- Kyeema
- Coordinates: 35°16′40″S 138°40′18″E﻿ / ﻿35.277754°S 138.6717°E
- Country: Australia
- State: South Australia
- Region: Fleurieu and Kangaroo Island
- LGA: Alexandrina Council;
- Location: 39 km (24 mi) S of Adelaide; 27 km (17 mi) NW of Goolwa;
- Established: 31 August 2000

Government
- • State electorate: Heysen;
- • Federal division: Mayo;

Population
- • Total: 31 (shared with part of Blackfellows Creek (2016 census)
- Time zone: UTC+9:30 (ACST)
- • Summer (DST): UTC+10:30 (ACST)
- Postcode: 5172
- County: Adelaide
- Mean max temp: 19.2 °C (66.6 °F)
- Mean min temp: 10.3 °C (50.5 °F)
- Annual rainfall: 715.9 mm (28.19 in)
Suburbs around Kyeema
| Kuitpo | Kuitpo Blackfellows Creek | Blackfellows Creek |
| Kuitpo Hope Forest Yundi | Kyeema | Blackfellows Creek Kuitpo Colony Mount Magnificent |
| Yundi | Mount Magnificent Yundi | Mount Magnificent |

= Kyeema, South Australia =

Kyeema is a locality in the Australian state of South Australia located about 39 km south of the state capital of Adelaide and about and 27 km north-west of the municipal seat of Goolwa.

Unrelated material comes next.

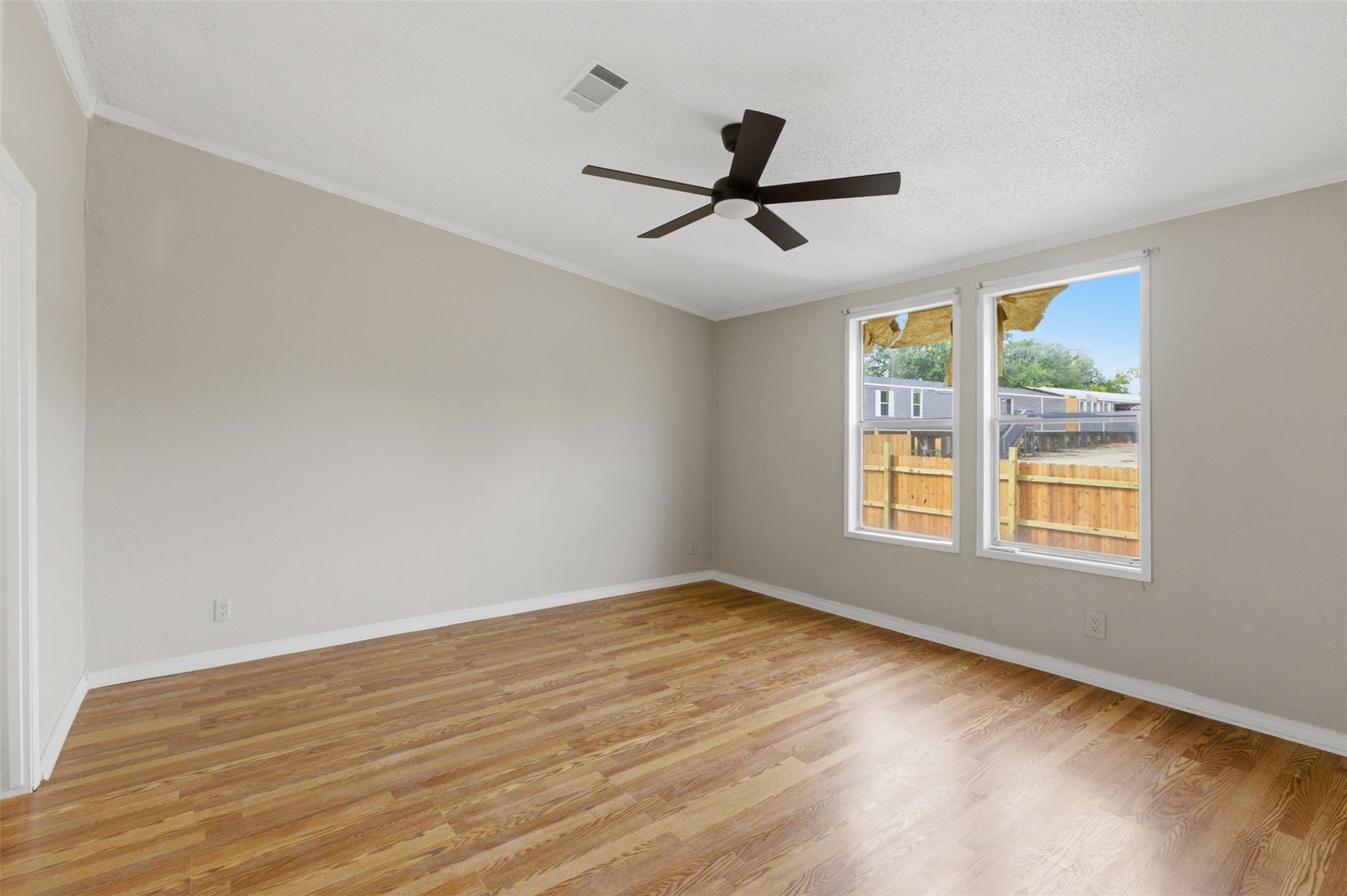 376 Rae Ln Property Photo 13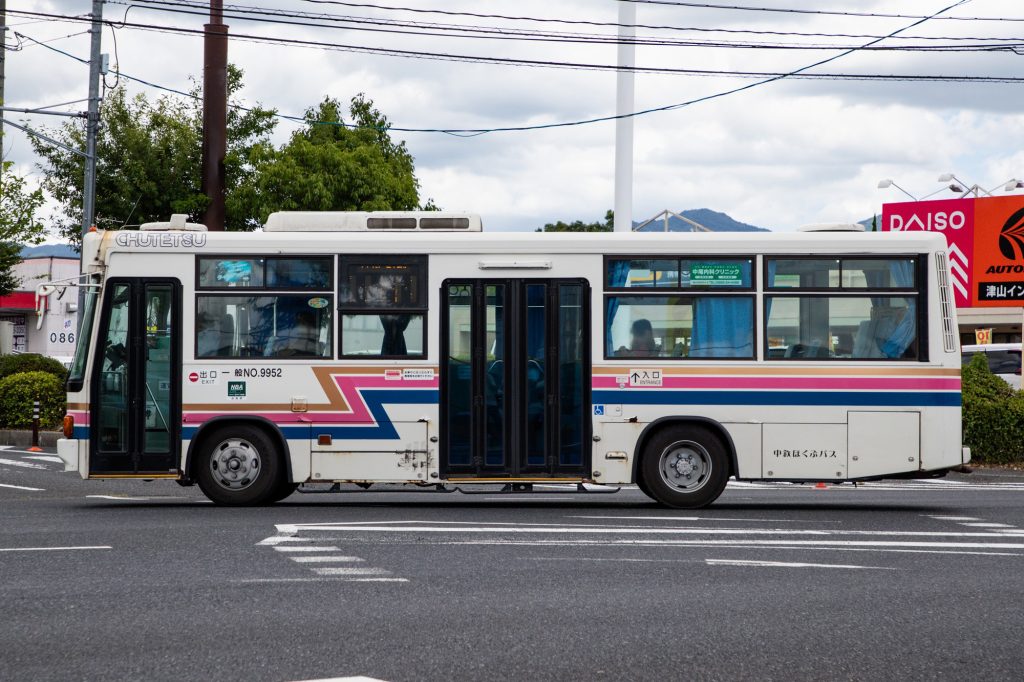 中鉄北部バス ジャーニーK(KC-LR333J改・元京王バス)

Boundaries for the locality were created on 31 August 2000 for the “long established name” which is derived from the former Kyeema Prison Camp (also known as the Kyeema Camp) whose site is in the north of the locality within the boundaries of the Kyeema Conservation Park.

The 2016 Australian census which was conducted in August 2016 reports that Kyeema shared a population of 31 people with the western side of the adjoining locality of Blackfellows Creek.

Land use within the locality is restricted to a range of low-impact agricultural activities by the regulatory requirement not to “adversely affect the quality or quantity of water resources” due to the locality’s location within the Mount Lofty Ranges Watershed. Permitted uses include “commercial forestry, grazing, low intensity farming activity, small scale winery, cellar door sales, small scale restaurant associated with a winery or cellar door sales” and “on-farm rural produce sales.”

Kyeema is located within the federal division of Mayo, the state electoral district of Heysen, and the local government area of the Alexandrina Council.